Failing to manage certificates and encryption keys can more than ruin any cloud strategy. SSH is used through IaaS (Infrastructure-as-a-Service) and controls access to cloud servers. The FreeBSD.org found that failing to monitor, manage, and control these keys can lead to near catastrophic consequences. Unfortunately for organization depending on FreeBSD worldwide, hackers accessed FreeBSD systems used to build software updates using stolen SSH keys. As a result, months of software updates can’t be trusted.
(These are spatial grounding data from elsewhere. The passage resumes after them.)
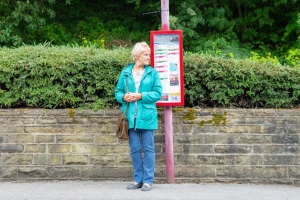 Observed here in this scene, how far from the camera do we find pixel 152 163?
7062 millimetres

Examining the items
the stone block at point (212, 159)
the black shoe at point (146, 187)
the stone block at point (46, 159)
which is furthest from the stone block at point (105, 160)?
the stone block at point (212, 159)

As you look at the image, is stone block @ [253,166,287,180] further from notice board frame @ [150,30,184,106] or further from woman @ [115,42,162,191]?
woman @ [115,42,162,191]

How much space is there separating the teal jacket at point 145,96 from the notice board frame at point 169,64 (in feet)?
1.54

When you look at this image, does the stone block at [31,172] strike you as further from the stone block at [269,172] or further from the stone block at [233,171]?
the stone block at [269,172]

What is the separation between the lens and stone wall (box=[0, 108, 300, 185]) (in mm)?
7746

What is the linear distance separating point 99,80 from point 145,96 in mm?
1253

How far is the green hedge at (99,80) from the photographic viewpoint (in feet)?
25.6

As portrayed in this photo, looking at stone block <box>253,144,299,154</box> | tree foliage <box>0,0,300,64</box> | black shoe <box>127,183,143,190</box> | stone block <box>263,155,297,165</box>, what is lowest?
black shoe <box>127,183,143,190</box>

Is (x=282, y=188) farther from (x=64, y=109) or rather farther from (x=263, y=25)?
(x=263, y=25)

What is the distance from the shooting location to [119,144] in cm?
774

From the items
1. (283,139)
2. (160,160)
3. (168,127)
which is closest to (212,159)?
(160,160)

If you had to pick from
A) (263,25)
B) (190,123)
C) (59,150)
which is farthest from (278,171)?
(263,25)

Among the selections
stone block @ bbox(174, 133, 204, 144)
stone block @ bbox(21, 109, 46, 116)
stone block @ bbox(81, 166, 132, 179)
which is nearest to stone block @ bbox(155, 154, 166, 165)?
stone block @ bbox(174, 133, 204, 144)

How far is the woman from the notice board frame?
1.45 feet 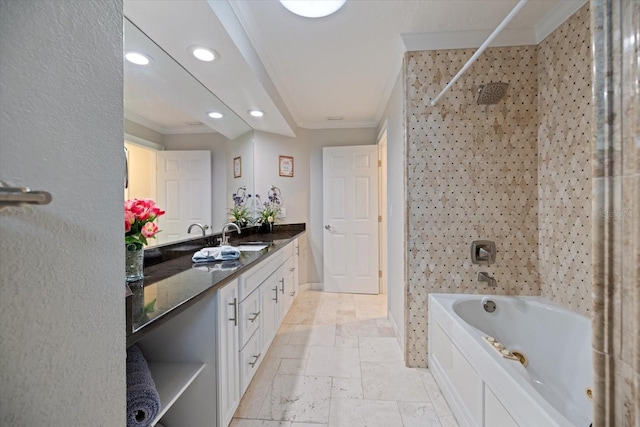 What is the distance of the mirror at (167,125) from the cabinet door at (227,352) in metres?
0.74

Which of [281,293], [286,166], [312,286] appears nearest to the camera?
[281,293]

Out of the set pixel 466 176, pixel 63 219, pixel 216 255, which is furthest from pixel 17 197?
pixel 466 176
Not being in a position to respond to a certificate or key management issue in the cloud can also spell disaster. In 2011, Netherlands-based certificate authority (CA) DigiNotar was hacked and hundreds of counterfeit certificates for high-profile web services were minted. As a result, DigiNotar and all certificates ever issued could no longer be trusted. The Dutch government went so far as stating it “denounced its trust” in DigiNotar and the CA subsequent went bankrupt. Thousands of enterprises could be vulnerable but only those that understood completely there use of certificates could respond authoritatively.
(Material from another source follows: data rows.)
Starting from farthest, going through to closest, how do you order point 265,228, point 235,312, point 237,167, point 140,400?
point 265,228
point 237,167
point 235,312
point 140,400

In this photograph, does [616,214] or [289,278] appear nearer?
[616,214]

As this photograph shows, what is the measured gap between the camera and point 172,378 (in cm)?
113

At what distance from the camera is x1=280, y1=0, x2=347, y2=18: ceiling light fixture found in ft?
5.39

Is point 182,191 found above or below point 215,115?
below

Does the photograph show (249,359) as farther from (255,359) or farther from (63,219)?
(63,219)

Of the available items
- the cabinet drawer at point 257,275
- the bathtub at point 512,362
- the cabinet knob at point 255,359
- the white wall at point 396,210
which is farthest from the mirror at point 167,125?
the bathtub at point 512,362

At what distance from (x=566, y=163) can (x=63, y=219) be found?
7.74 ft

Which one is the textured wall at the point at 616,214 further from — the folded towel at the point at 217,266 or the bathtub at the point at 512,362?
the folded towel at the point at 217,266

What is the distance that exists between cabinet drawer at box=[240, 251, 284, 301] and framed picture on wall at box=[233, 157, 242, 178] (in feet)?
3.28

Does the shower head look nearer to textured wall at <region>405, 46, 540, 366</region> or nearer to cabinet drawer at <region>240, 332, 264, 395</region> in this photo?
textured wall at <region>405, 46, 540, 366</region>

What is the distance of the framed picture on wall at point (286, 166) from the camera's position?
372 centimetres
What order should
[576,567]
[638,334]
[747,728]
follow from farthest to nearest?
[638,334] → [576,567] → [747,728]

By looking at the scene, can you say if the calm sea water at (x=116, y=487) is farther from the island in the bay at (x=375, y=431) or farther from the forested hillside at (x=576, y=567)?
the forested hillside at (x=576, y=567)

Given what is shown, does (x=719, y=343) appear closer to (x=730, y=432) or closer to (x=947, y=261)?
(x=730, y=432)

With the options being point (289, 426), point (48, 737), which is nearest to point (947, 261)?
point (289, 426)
These and other challenges in regaining control over certificate and key populations and management in the cloud can be addressed with the very same security and operational best practices enterprises have developed managing on-premise systems. These best practices include the ability to:
• Discover certificates and encryption keys in use and those archived throughout cloud deployments and on systems used to access the cloud
• Monitor ongoing use and proper configuration across cloud systems
• Automate the renewal, provisioning, and configuration of certificates and encryption keys to cloud applications and users
• Report on where and how certificates and encryption keys are being used to maintain governance and compliance
Once established, an organization needs to test and audit its cloud-based certificate and key management controls. One good place to start is evaluating an organization’s ability to respond to a CA compromise against NIST recommendations. When another major certificate authority is breached, will you know where certificates are used throughout your production, test, and development clouds? Which certificates and keys are used to authenticate applications to SaaS services? Who has SSH access to the impacted systems? Could you then replace certificates quickly if necessary throughout your clouds and across a range of applications?
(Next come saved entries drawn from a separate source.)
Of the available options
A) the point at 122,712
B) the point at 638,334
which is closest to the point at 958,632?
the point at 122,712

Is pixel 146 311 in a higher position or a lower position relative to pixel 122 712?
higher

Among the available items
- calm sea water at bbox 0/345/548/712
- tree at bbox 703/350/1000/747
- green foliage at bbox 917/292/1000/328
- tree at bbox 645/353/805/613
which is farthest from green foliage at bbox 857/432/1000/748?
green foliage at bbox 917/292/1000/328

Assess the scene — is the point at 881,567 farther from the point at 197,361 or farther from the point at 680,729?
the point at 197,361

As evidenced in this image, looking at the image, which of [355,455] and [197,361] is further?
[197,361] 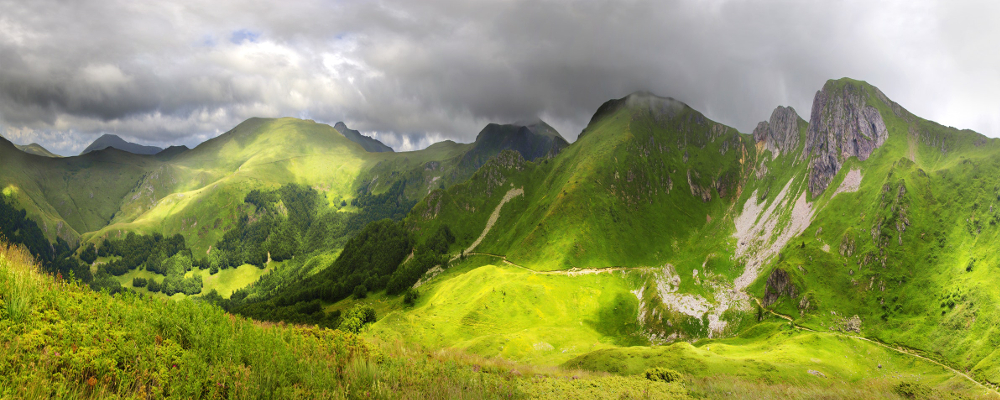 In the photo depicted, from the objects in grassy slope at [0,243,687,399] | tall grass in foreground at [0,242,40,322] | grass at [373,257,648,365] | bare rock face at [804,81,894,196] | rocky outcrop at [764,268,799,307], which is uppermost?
bare rock face at [804,81,894,196]

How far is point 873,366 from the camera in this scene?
63.0 metres

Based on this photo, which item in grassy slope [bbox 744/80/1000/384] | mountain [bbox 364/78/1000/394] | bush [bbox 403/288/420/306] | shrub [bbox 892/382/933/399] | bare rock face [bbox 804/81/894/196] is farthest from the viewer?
bare rock face [bbox 804/81/894/196]

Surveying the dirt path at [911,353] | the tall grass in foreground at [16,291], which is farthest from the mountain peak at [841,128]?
the tall grass in foreground at [16,291]

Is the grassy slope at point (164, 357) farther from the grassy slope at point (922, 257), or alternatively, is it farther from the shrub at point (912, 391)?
the grassy slope at point (922, 257)

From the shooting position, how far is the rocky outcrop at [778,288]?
96.3 m

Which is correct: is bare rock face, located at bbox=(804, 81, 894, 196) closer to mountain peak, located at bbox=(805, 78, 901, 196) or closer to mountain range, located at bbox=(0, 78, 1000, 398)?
mountain peak, located at bbox=(805, 78, 901, 196)

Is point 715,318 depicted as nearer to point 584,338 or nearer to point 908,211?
point 584,338

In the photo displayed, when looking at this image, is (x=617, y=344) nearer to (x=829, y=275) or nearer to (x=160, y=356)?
(x=829, y=275)

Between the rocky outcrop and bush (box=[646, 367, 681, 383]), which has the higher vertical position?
bush (box=[646, 367, 681, 383])

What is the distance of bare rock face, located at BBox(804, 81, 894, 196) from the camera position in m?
155

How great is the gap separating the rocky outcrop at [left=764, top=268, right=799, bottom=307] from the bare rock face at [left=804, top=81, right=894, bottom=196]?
263ft

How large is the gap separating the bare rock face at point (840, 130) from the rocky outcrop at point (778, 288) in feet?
263

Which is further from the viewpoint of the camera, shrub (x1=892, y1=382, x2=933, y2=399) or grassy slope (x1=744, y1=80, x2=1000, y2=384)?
grassy slope (x1=744, y1=80, x2=1000, y2=384)

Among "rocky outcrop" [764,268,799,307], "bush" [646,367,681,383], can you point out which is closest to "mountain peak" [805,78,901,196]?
"rocky outcrop" [764,268,799,307] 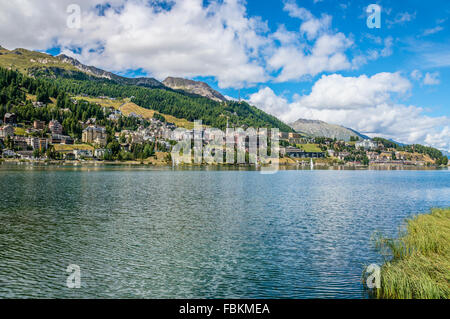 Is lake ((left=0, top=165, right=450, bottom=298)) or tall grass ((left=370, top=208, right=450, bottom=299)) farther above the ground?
tall grass ((left=370, top=208, right=450, bottom=299))

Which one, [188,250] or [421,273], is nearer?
[421,273]

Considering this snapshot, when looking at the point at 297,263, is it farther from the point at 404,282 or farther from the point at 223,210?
the point at 223,210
Of course, bringing certificate and encryption key management to the cloud is just one step in a journey to bring control and governance to your cloud strategy. But, it’s critically important because certificates and encryption keys provide the foundation of trust necessary to use cloud safely in the first place. Doing so addresses Gartner analyst John Pescatore’s recommendation to “get visibility into the system, the change controls and the vulnerabilities.” You’ll not only be able to confidently embrace the cloud but address the compliance and audit demands that regulators and your auditors are enforcing today and tomorrow.